- What the task requires -
In the records below, print each line exactly and leave every image out.

═══ Exercise input

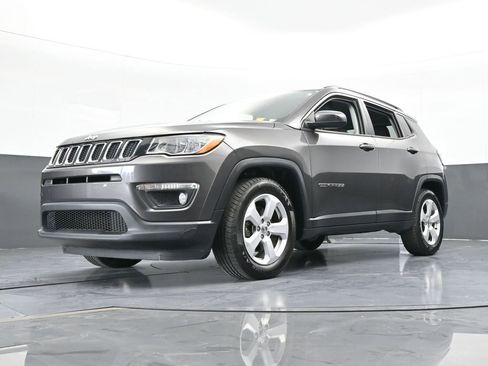 Used 2021 Jeep Compass Latitude image 50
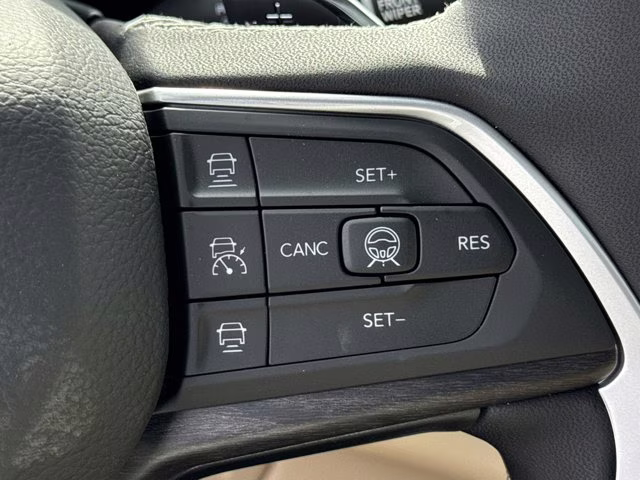 2026 Bright White Clearcoat Jeep Grand Cherokee Limited RWD SUV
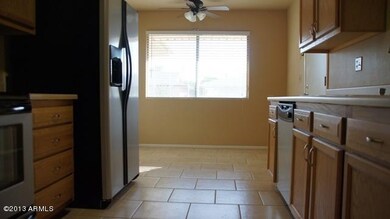 EAT-IN KITCHEN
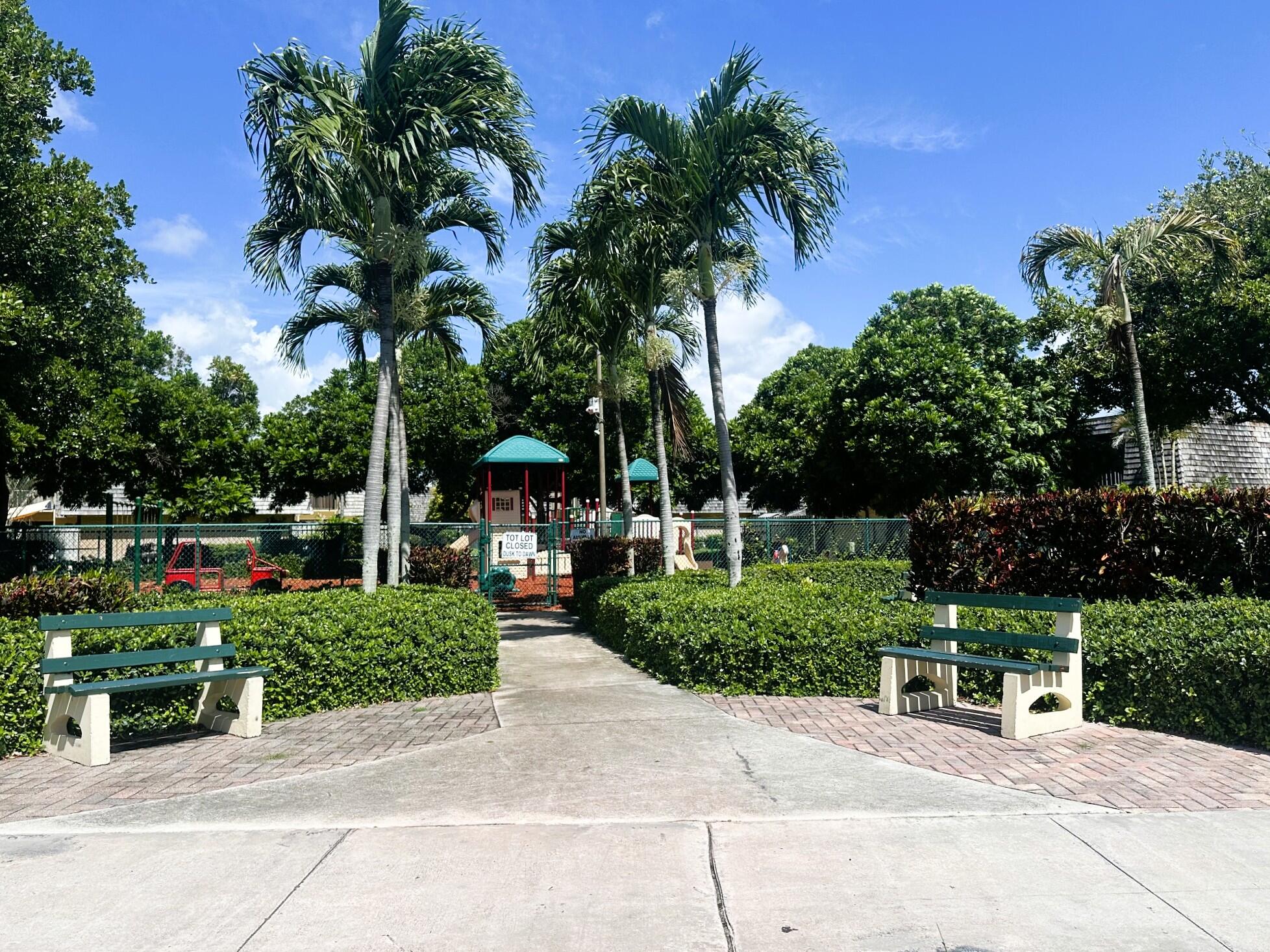 LAKEWOOD - Residential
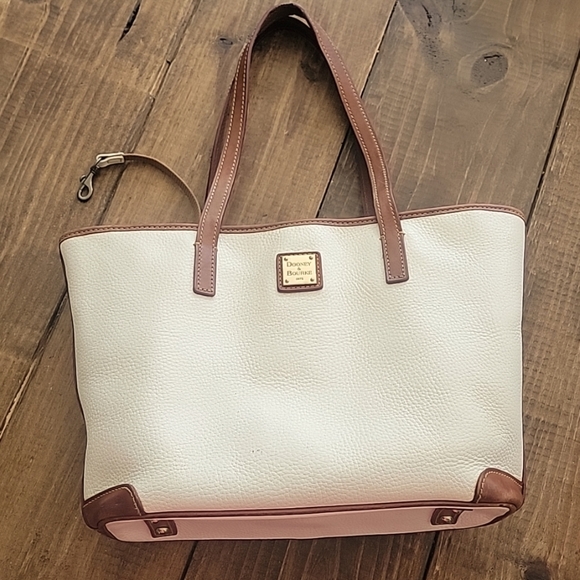 Dooney & Bourke Handbags - DOONEY & BOURKE white pebble leather tote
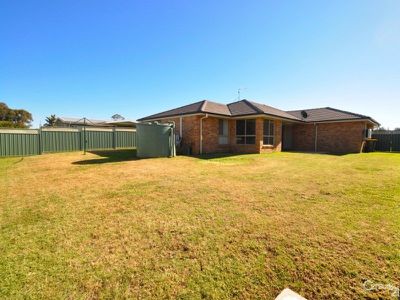 16 Lansdowne Drive, Dubbo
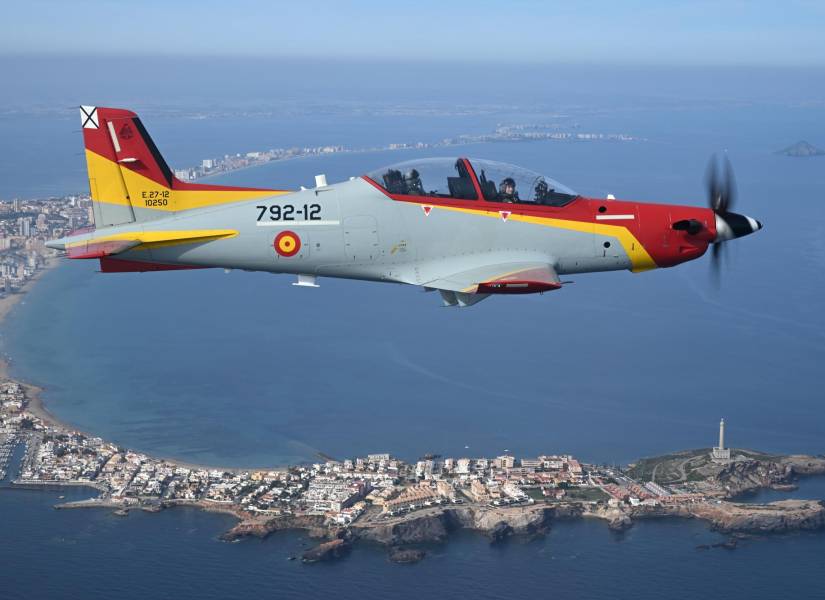 La princesa Leonor ha completado la formación teórica y las sesiones de simulador y de vuelo real en Pilatus establecidas para alcanzar las competencias necesarias que le han permitido realizar con seguridad 'la suelta' el jueves 18 de diciembre.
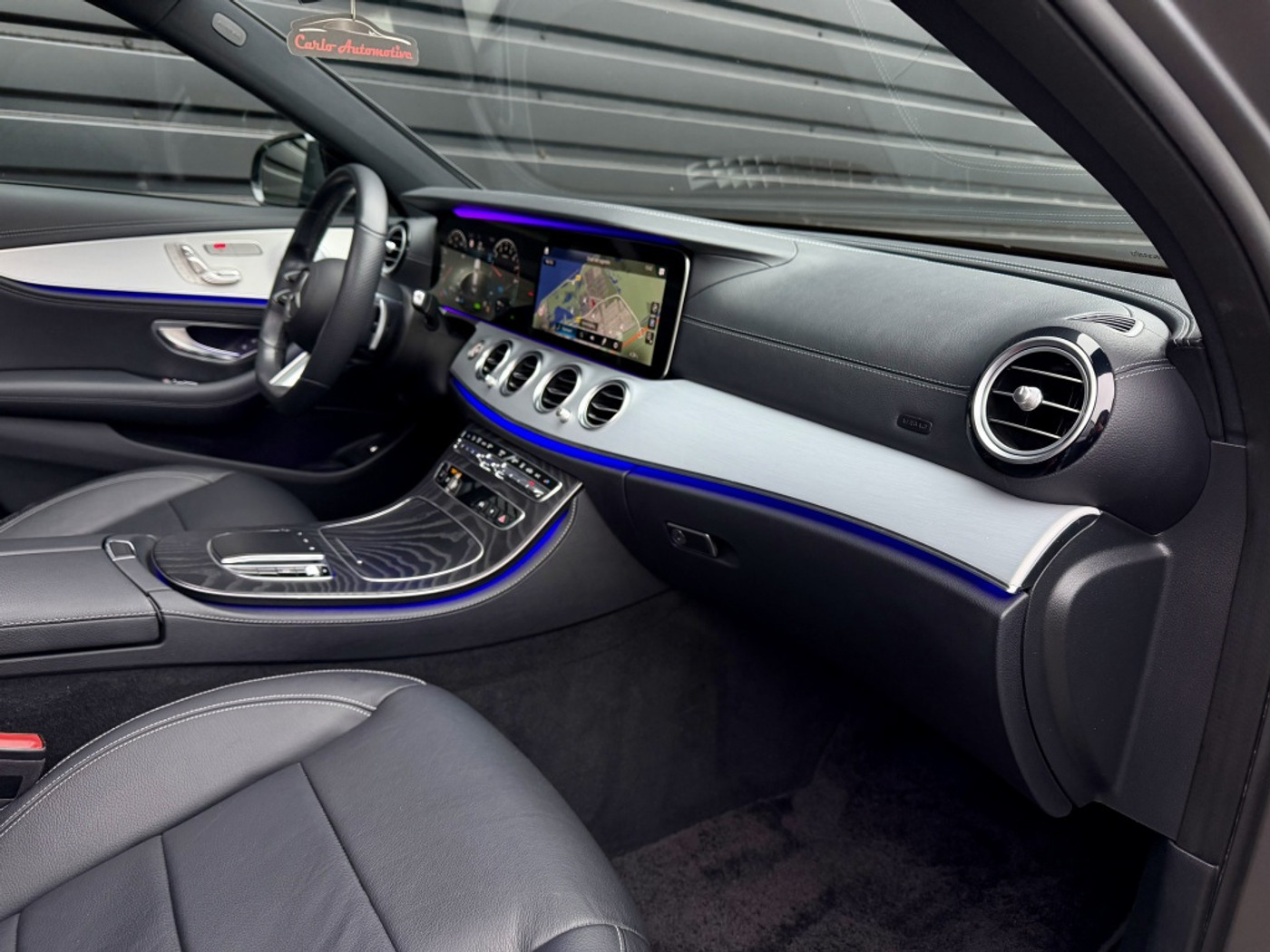 Foto van Mercedes-Benz E 300 E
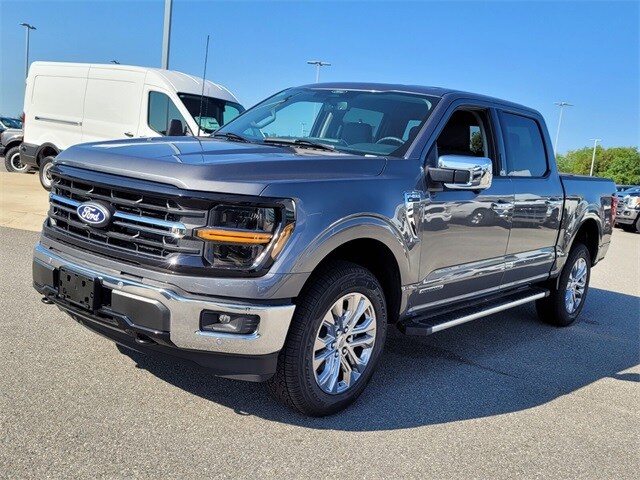 2024 Ford F-150 XLT photo 3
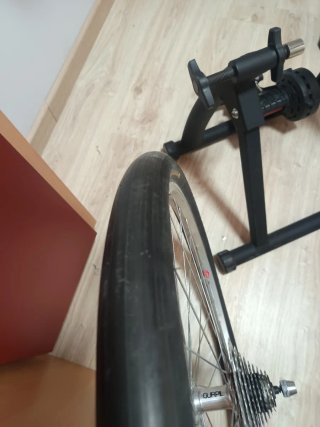 Rodillo B'TWIN IN'RIDE 100 + Ruedas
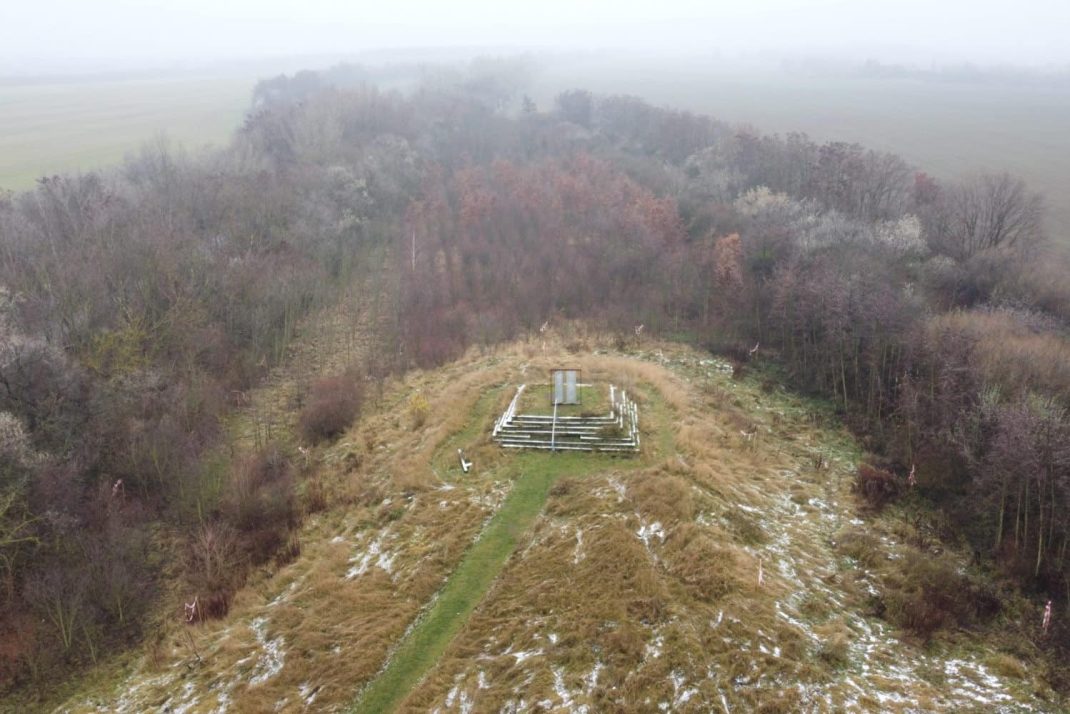 Auf dem Aussichtspunkt Stöntzsch nahe der Coburger Straße bei Pegau soll die Landmarke gebaut werden. Foto: LMBV / Christian Herrmann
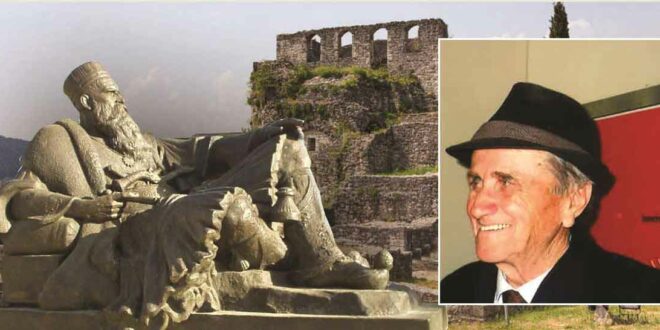 Dragua Shehu, për 20 vjet në zyrën e dekorimeve në Presidiumin e Kuvendit Popullor, kaloi CV-të e mijëra dëshmorëve, heronjve, punëtorëve, intelektualëve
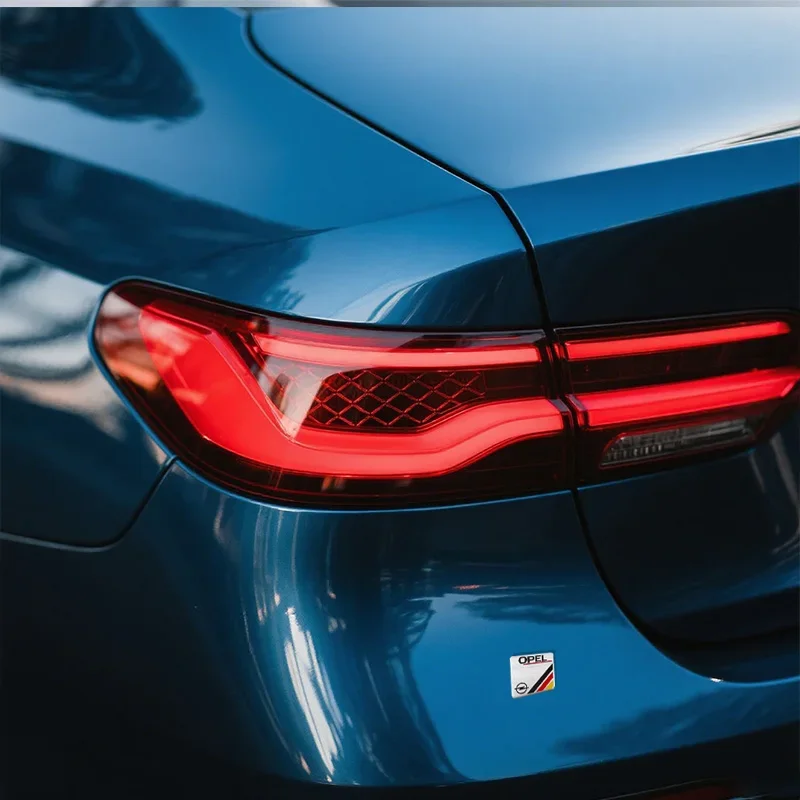 يمكن لصق ملصقات قطع غيار السيارات المصنوعة من الألومنيوم على جسم السيارة لأوبل أسترا j إنسيجنيا أسترا ج كورسا زافيرا بي فيفارو ميريفا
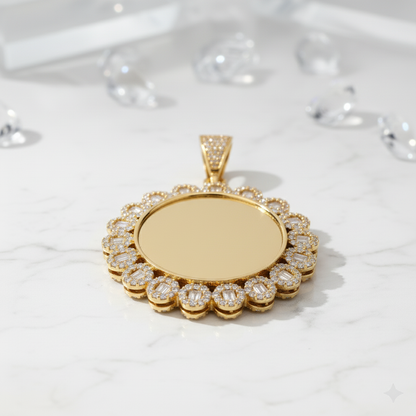 The Zenith Pendant - Mirror-Finish Gold With Lab Grown Diamonds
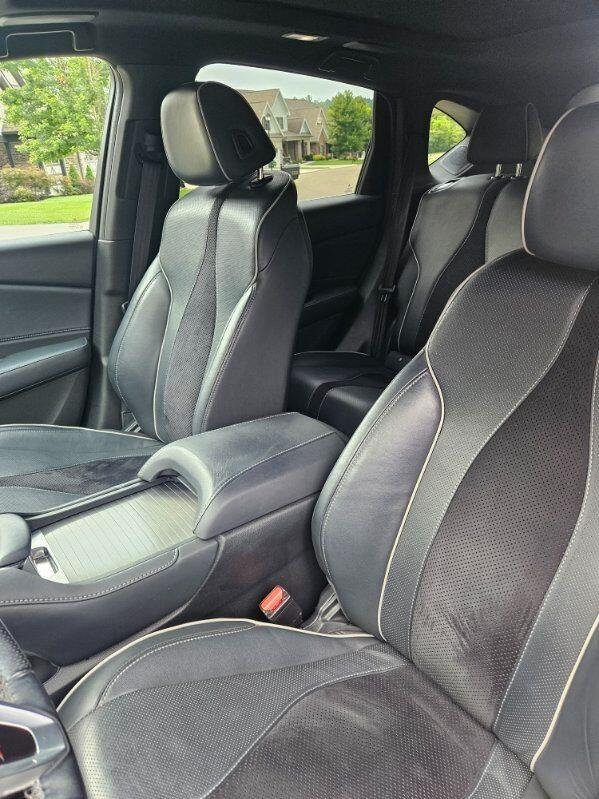 Used 2019 Performance Red Pearl Acura SH-AWD w/A-SPEC image 6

══════

- Task output -
 Used 2021 Jeep Compass Latitude image 50
 2026 Bright White Clearcoat Jeep Grand Cherokee Limited RWD SUV
 EAT-IN KITCHEN
 LAKEWOOD - Residential
 Dooney & Bourke Handbags - DOONEY & BOURKE white pebble leather tote
 16 Lansdowne Drive, Dubbo
 La princesa Leonor ha completado la formación teórica y las sesiones de simulador y de vuelo real en Pilatus establecidas para alcanzar las competencias necesarias que le han permitido realizar con seguridad 'la suelta' el jueves 18 de diciembre.
 Foto van Mercedes-Benz E 300 E
 2024 Ford F-150 XLT photo 3
 Rodillo B'TWIN IN'RIDE 100 + Ruedas
 Auf dem Aussichtspunkt Stöntzsch nahe der Coburger Straße bei Pegau soll die Landmarke gebaut werden. Foto: LMBV / Christian Herrmann
 Dragua Shehu, për 20 vjet në zyrën e dekorimeve në Presidiumin e Kuvendit Popullor, kaloi CV-të e mijëra dëshmorëve, heronjve, punëtorëve, intelektualëve
 يمكن لصق ملصقات قطع غيار السيارات المصنوعة من الألومنيوم على جسم السيارة لأوبل أسترا j إنسيجنيا أسترا ج كورسا زافيرا بي فيفارو ميريفا
 The Zenith Pendant - Mirror-Finish Gold With Lab Grown Diamonds
 Used 2019 Performance Red Pearl Acura SH-AWD w/A-SPEC image 6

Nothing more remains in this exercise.